SAN DIEGO (NNS) -- The Ohio-class ballistic missile submarine USS Nebraska (SSBN 739) along with the U.S. Navy's Strategic Systems Programs (SSP) conducted successful test flights of two Trident II D5 Missiles, March 26.
The unarmed test missiles were launched as part of Demonstration and Shakedown Operation (DASO) 28 in the Pacific Test Range off the coast of Southern California.
The missiles were launched as a double mission test and were the key element of DASO 28, which marked the 166th and 167th successful test flights of the Trident II D5 missile since its introduction to the fleet in 1989. The primary objective of the DASO is to evaluate and demonstrate the readiness of the SSBN's strategic weapon system and crew before operational deployment following midlife refueling overhaul.

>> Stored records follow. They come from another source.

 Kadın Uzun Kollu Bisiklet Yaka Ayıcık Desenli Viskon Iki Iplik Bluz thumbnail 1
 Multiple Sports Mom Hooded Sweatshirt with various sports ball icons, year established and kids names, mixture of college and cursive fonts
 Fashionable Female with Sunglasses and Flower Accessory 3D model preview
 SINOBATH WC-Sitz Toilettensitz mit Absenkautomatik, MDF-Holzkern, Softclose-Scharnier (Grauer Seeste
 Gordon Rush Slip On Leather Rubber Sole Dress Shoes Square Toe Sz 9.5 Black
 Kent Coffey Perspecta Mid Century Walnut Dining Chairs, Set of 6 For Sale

SSP, along with Naval Ordnance Test Unit, oversees the DASO certification process and provides integrated testing and evaluation capabilities, while various other organizations provide support. More than 130 special guests were invited aboard USNS Waters (T-AGS 45), a Military Sealift Command (MSC) vessel, to witness the event and learn more about SSP and the DASO process.
"The successful completion of DASO 28 was not only an important milestone in USS Nebraska's return to service, but also an important demonstration of the reliable and credible sea-based leg of the U.S. nuclear deterrent triad," said Capt. Mark Behning, deputy director, SSP.

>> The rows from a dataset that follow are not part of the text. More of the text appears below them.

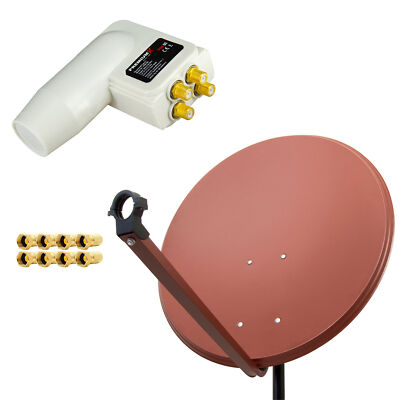 PremiumX SAT Anlage 100cm Satelliten Antenne ALU Rot Schüssel Spiegel Quad LNB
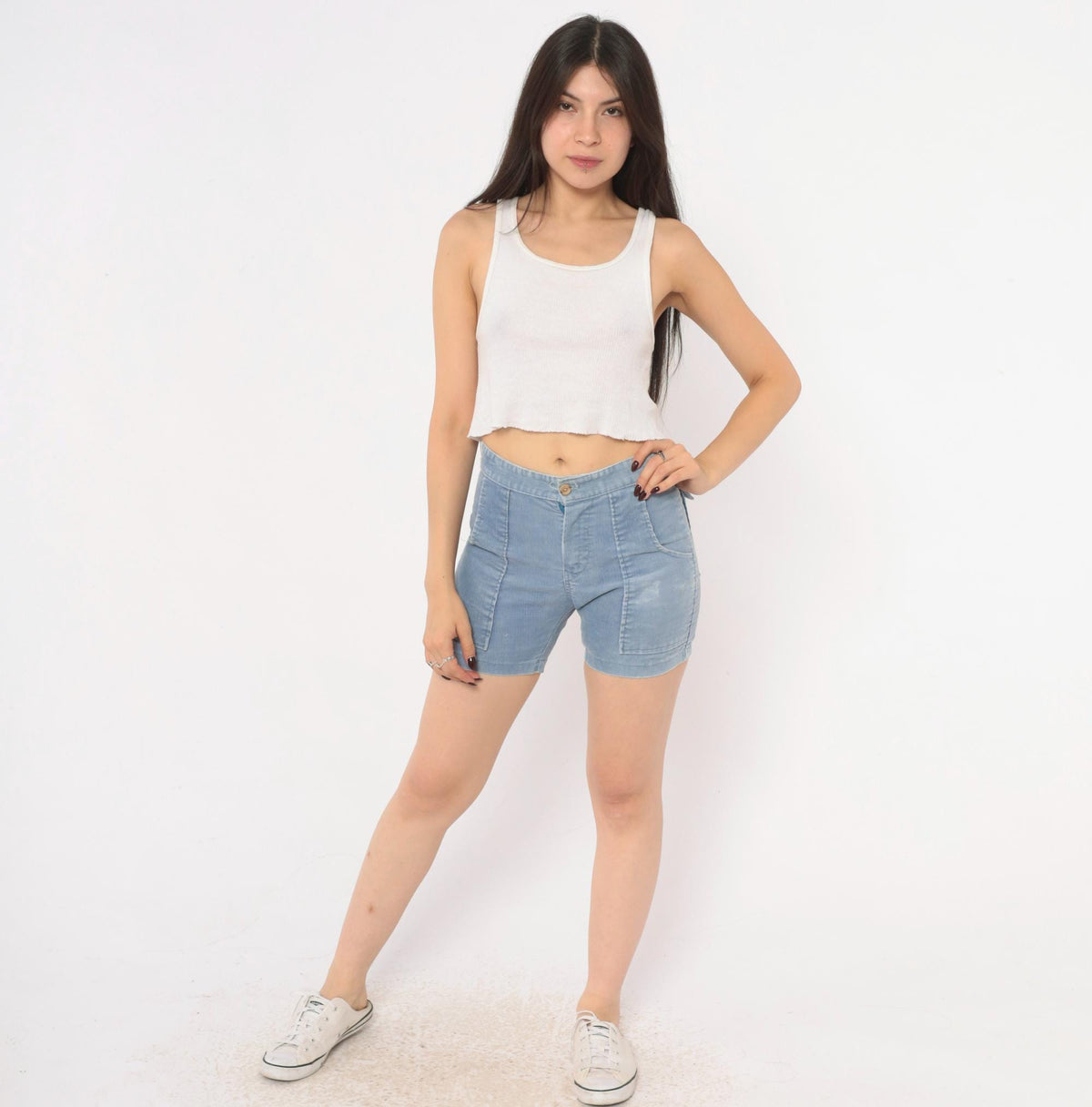 80s Towncraft Light Blue Corduroy Shorts High Waisted Cuffed Cotton Extra Small XS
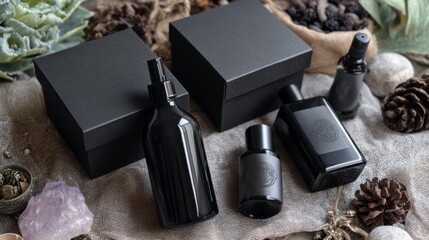 Luxury matte black cosmetic packaging with natural elements for product branding beauty photography minimalist design skincare styling composition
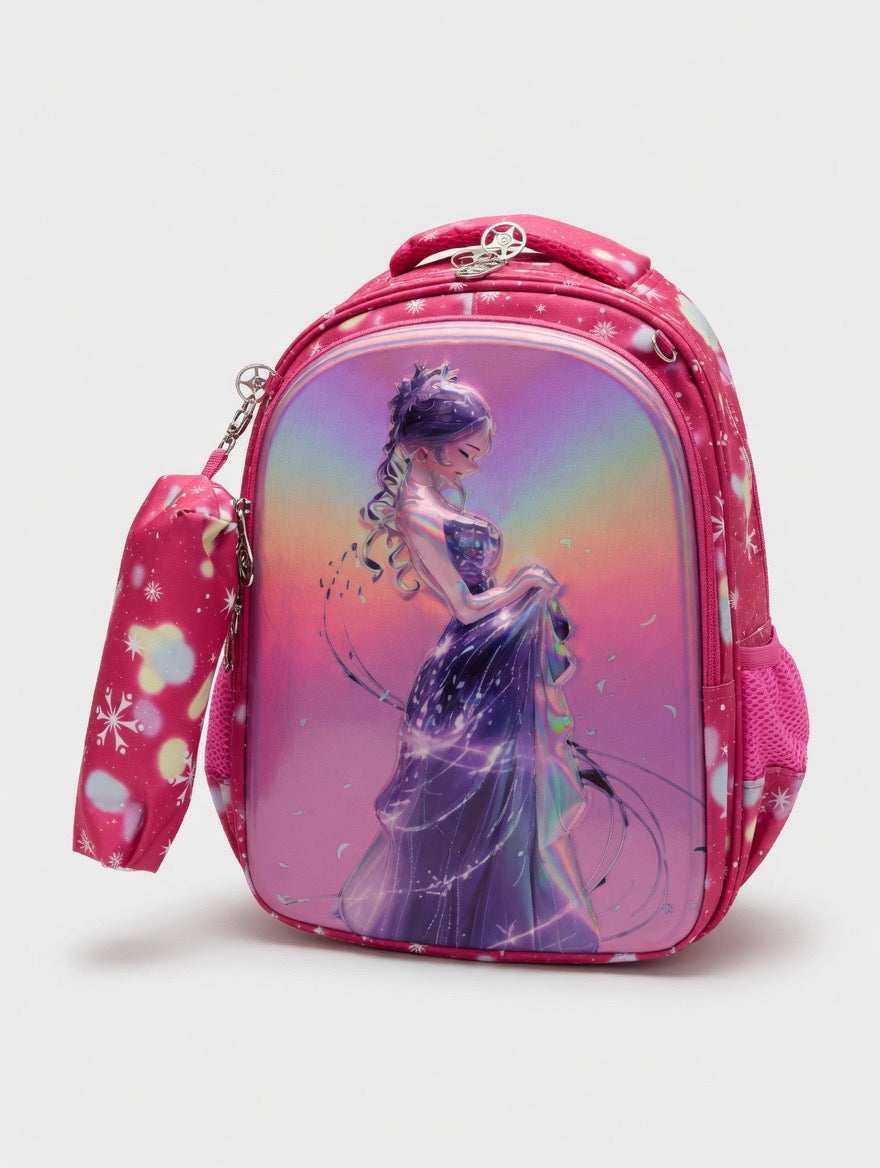 2Pcs School Bag - 3D Rainbow Lady design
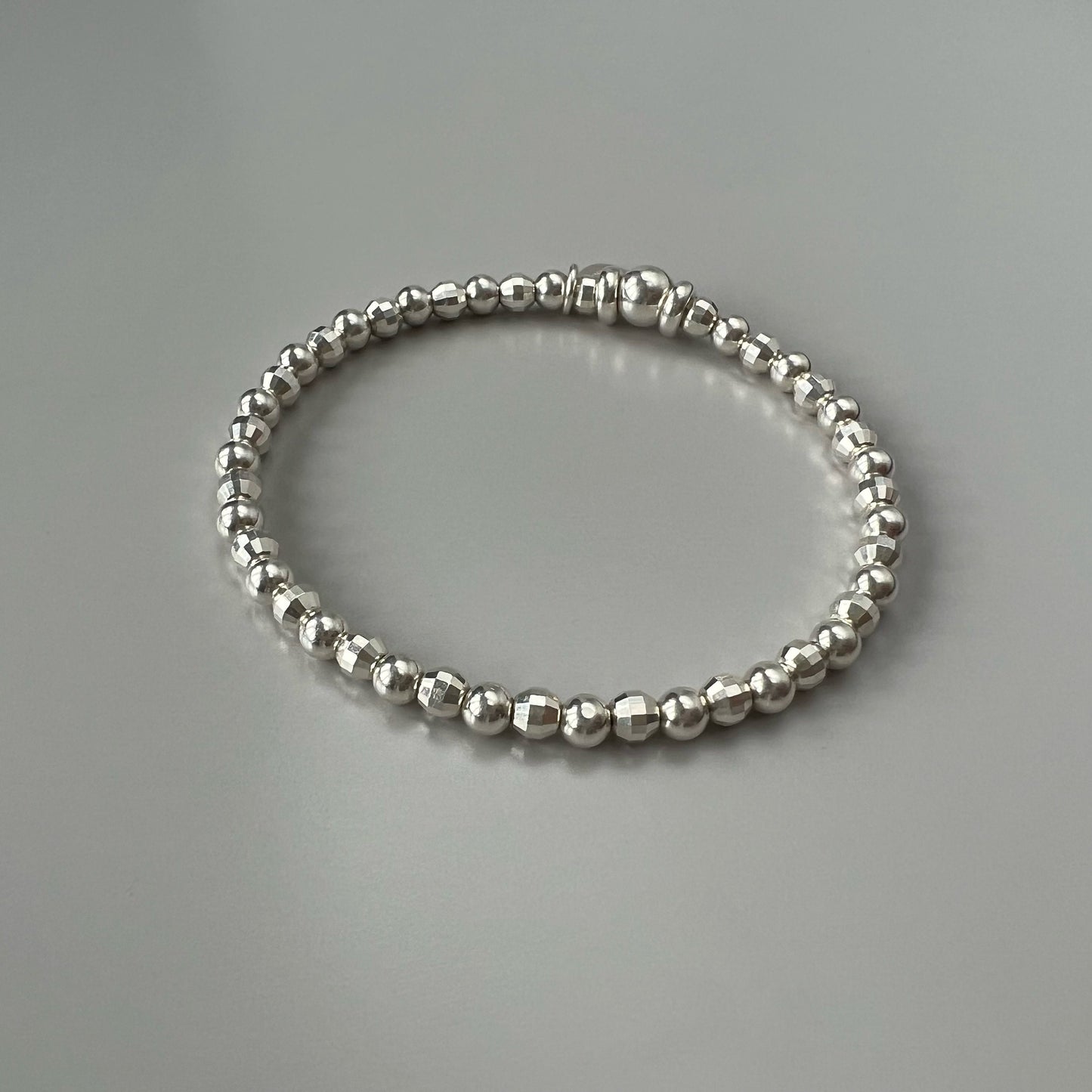 silver beaded bracelet, stacking bracelet, handmade jewellery, minimalist jewellery, bracelets for women, MIXER MIRROR-SB4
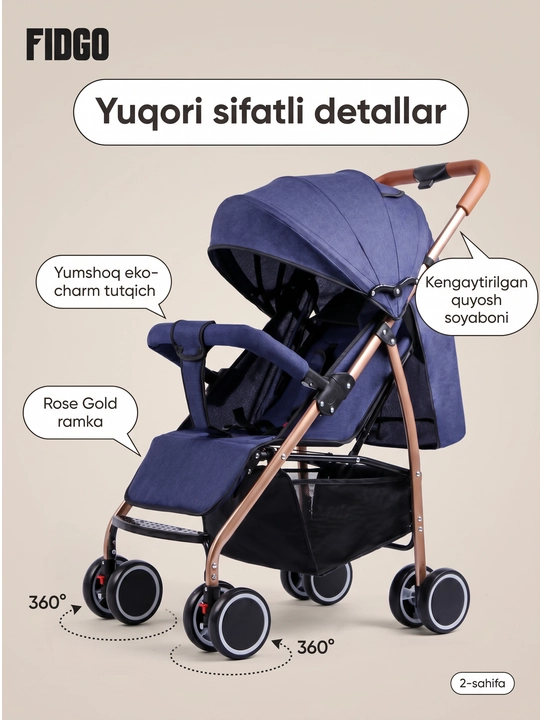 Коляска прогулочная FIDGO для детей, складная, с капюшоном и корзиной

Waters is an MSC vessel that provides support during the DASO launch as part of its mission. Instrumentation and personnel, such as engineers and scientists, are embarked aboard Waters to track the submarine and missile throughout the launch process. Capt. Mike Elmstrom, commanding officer, Strategic Weapons Facility Pacific (SWFPAC), and his crew took part in the design modifications of the D5 missiles and planning the test.

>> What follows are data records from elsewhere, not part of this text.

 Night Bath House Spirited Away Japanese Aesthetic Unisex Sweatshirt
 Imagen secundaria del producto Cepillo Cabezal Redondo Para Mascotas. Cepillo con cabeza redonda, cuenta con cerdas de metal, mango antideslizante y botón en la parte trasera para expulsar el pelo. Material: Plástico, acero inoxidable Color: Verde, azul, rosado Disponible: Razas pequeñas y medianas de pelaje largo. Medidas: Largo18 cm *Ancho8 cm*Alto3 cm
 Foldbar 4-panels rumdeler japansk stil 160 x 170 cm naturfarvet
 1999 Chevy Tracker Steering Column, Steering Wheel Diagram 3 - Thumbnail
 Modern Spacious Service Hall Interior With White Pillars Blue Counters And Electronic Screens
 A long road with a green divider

"Team SWFPAC put in many hours assembling, preparing and loading these flight test missiles," said Elmstrom. "This is a great opportunity for many of us to see the results of those impressive efforts."
Guests who watched the launch aboard Waters said it was a once-in-a-lifetime experience.
"The launch was one of the most fascinating things I have ever seen," said Allen Beermann, executive director, Nebraska Press Association. "It was truly an experience of a lifetime and I am glad I was invited to attend this wonderful event."
USS Nebraska (SSBN 739) is the 14th submarine of the Ohio-class of ballistic missile submarines (SSBNs), and the second U.S. Navy ship to bear the name. Assigned to Submarine Group 9, Nebraska is one of eight ballistic-missile submarines homeported at Naval Base Kitsap-Bangor, Wash.
The mission of the SSBN force is strategic deterrence, by providing the United States with its most survivable and enduring nuclear strike capability. Ohio-class submarines serve as an undetectable launch platform for submarine-launched ballistic missiles. They are considered the most survivable leg of the nuclear triad; the other legs being long-range bombers and land-based intercontinental ballistic missiles.